**What to work on:**
In the entries below, find the line with "Asli Global E-Touch" and the line with "Bluză mânecă lungă Unisex Rise White"; reproduce those two lines and all lines between them exactly, without pictures.

**Information:**
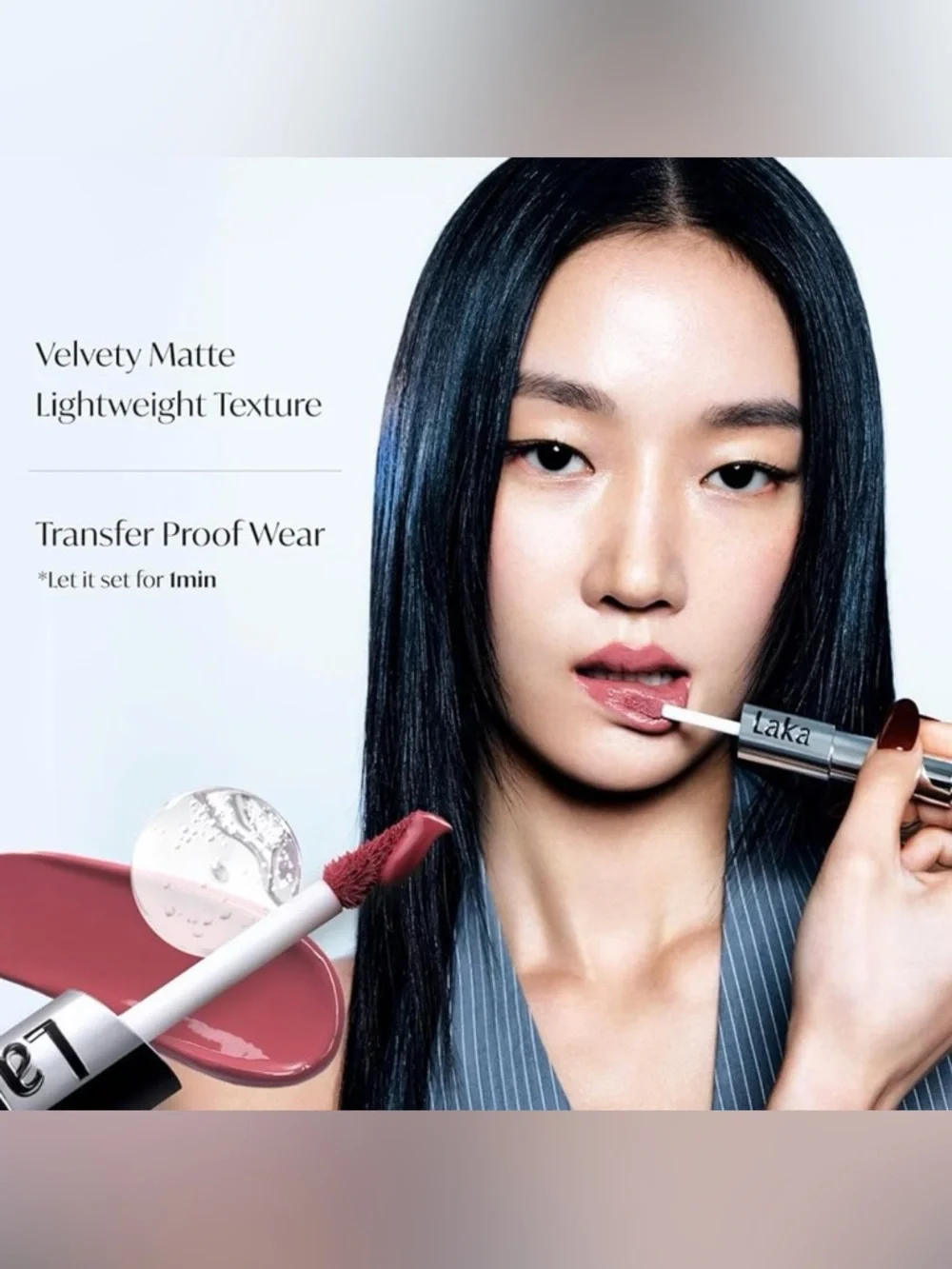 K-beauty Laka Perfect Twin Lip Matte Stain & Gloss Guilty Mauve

==

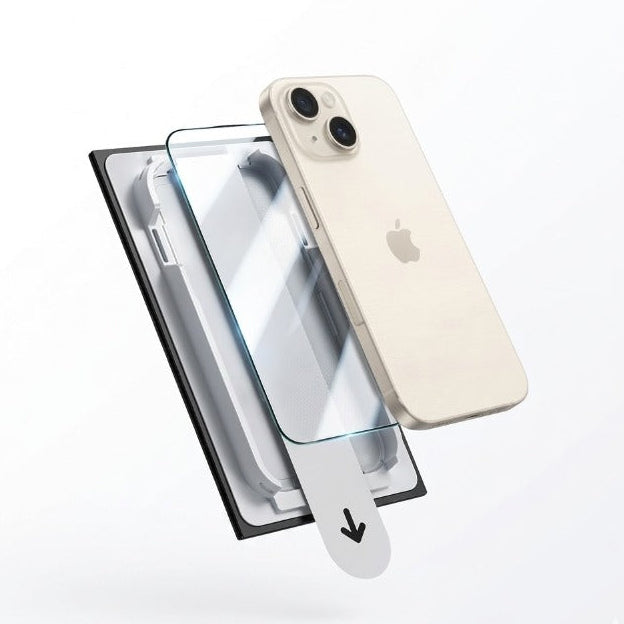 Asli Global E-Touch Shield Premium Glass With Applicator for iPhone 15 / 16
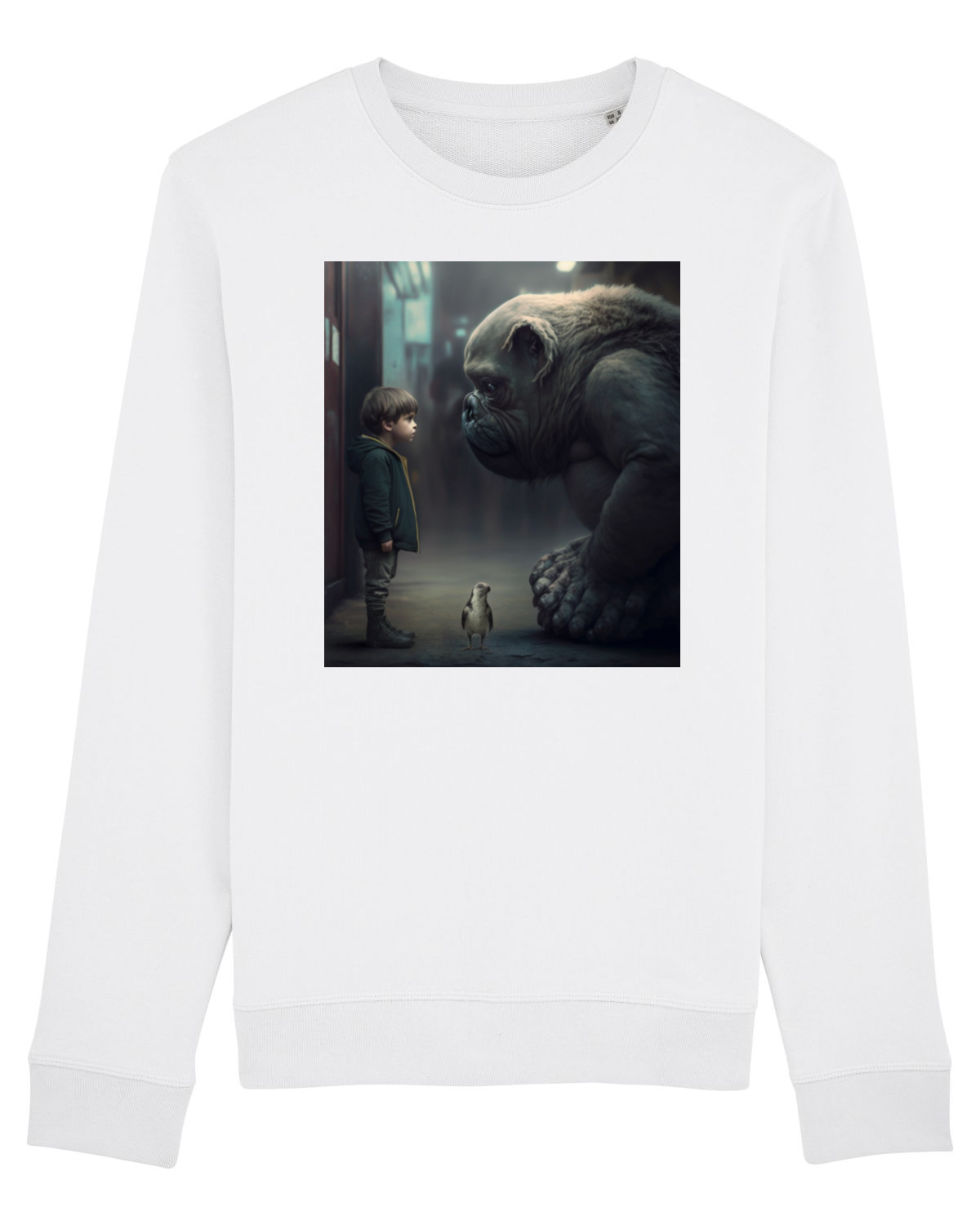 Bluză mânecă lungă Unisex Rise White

...

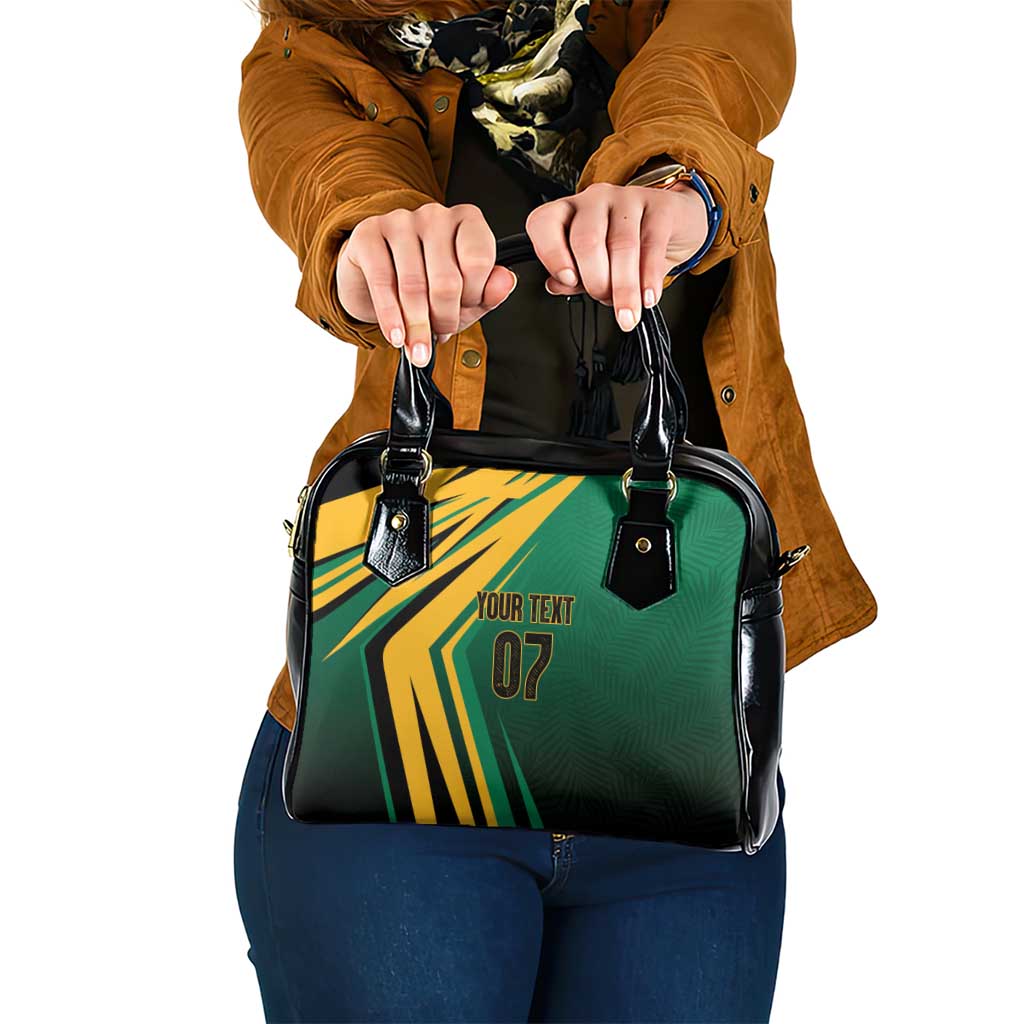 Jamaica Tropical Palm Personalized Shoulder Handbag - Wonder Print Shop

**Task response:**
 Asli Global E-Touch Shield Premium Glass With Applicator for iPhone 15 / 16
 Bluză mânecă lungă Unisex Rise White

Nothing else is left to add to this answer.